Trial design
The present study was a two-arm, parallel groups randomized trial comparing ABFT with TAU. The study was approved by the regional committee for medical research ethics, South-Eastern Norway and the protocol was pre-registered (www.clinicaltrials.gov NCT01830088). Inclusion criteria were 1) a current major depressive episode as defined by the DSM-IV (39), 2) a score above 15 on the Grid Hamilton Depression Rating scale (GRID-HAMD, 40) and 3) currently living with their primary caregiver. Exclusion criteria were a diagnosis of any psychotic disorder, eating disorder, bipolar disorder, intellectual disability or pervasive developmental disorder.
Participants and Procedures
Participating adolescents and their families were recruited among adolescents referred to two child- and adolescent mental health service (CAMHS) clinics in South-Eastern Norway. The clinics were publicly funded, and all treatments were provided free of charge by the universal health insurance system of Norway. During the pre-specified recruitment period, September 2013 to January 2016, all referrals of adolescents (13 - 18 years) were examined for mentions of depression or core depressive symptoms (depressed mood, anhedonia, or fatigue). Through the use of the Affective Problems subscale on the Youth Self-Report (41) routinely administered by the CAMHS, adolescents with a score >6 were identified in addition to adolescents who were identified as depressed by their referral letters (42). Based on these procedures 276 patients were identified, contacted and checked for study eligibility. Altogether 160 adolescents were screened with the the Beck Depression Inventory-Second Edition (BDI-II) after which 100 adolescents and their parents went through a full clinical assessment (see CONSORT diagram, Figure 1). They met with a study-affiliated clinical psychologist (either the first or second author) at the CAMHS and written informed parental consent and adolescent assent were obtained.

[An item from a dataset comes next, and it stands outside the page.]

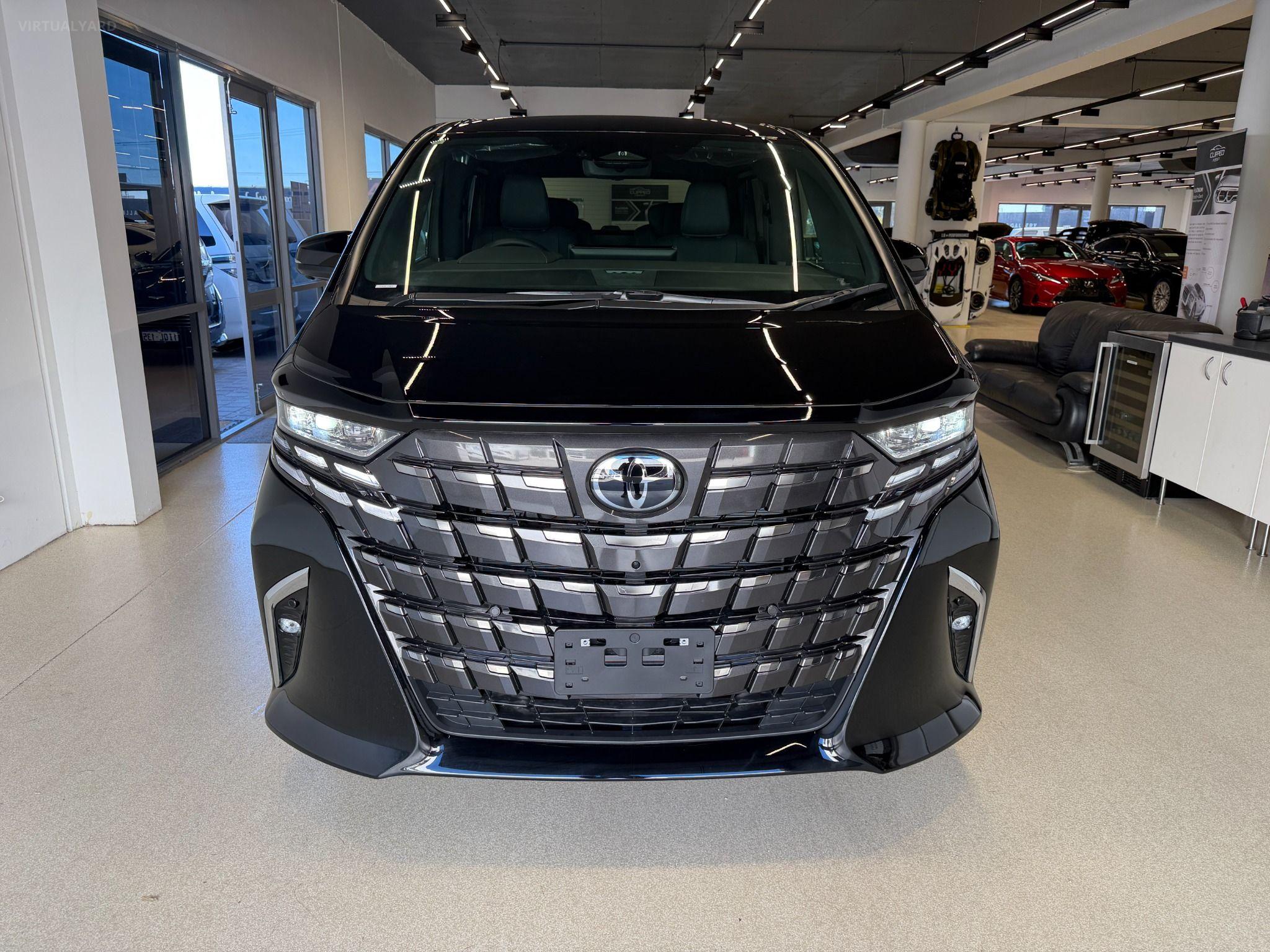 2024 TOYOTA ALPHARD Z AGH40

Adolescents and parents were then interviewed separately with a semi-structured diagnostic interview, the Schedule for Affective Disorders and Schizophrenia for School-Age Children Present and Lifetime Version (K-SADS-PL) (43) generating DSM-IV-TR diagnoses. All interviews were conducted by the study-affiliated clinical psychologists and were video-recorded. Both parents and adolescents completed self-report measures. If the adolescent met inclusion criteria, the assessing clinician conducted randomization by opening a sealed, numbered envelope containing the treatment allocation. Randomization was stratified by clinic, age (13-15 years and 16-18 years), gender, and severity of depression (GRID-HAMD score of ≤ 24 and ≥ 25). Sixty-one participants were finally randomized to either ABFT or TAU in a 1:1 ratio. Shortly after randomization, one patient withdrew consent resulting in a randomized study sample of 60 participants, 30 in each treatment condition.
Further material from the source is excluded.